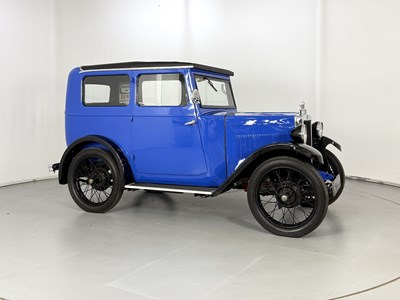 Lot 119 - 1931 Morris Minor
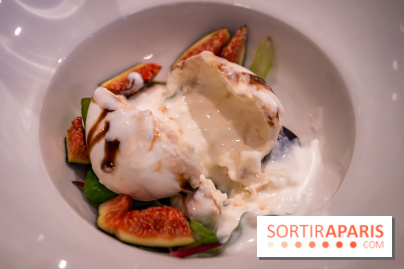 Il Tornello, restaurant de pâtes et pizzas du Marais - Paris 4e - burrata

-------------------------

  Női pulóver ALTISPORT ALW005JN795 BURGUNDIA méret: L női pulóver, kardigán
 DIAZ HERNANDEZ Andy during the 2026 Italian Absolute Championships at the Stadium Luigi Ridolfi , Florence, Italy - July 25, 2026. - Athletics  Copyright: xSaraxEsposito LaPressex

-------------------------

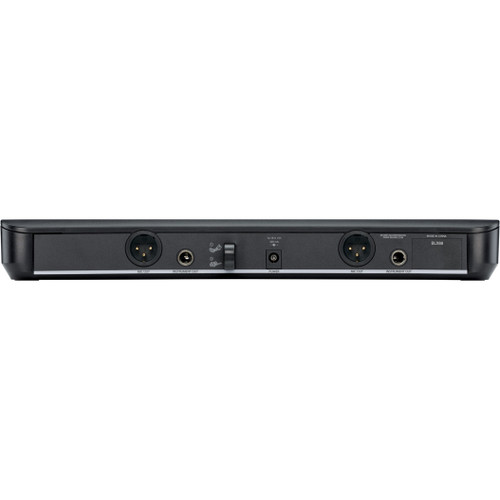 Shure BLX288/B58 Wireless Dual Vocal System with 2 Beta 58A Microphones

-------------------------

_Exercise brief_
Using the data above, repeat exactly the lines that begin at the line with "Női pulóver ALTISPORT" and end at the line with "DIAZ HERNANDEZ Andy", both ends included.

_Result of the task_
  Női pulóver ALTISPORT ALW005JN795 BURGUNDIA méret: L női pulóver, kardigán
 DIAZ HERNANDEZ Andy during the 2026 Italian Absolute Championships at the Stadium Luigi Ridolfi , Florence, Italy - July 25, 2026. - Athletics  Copyright: xSaraxEsposito LaPressex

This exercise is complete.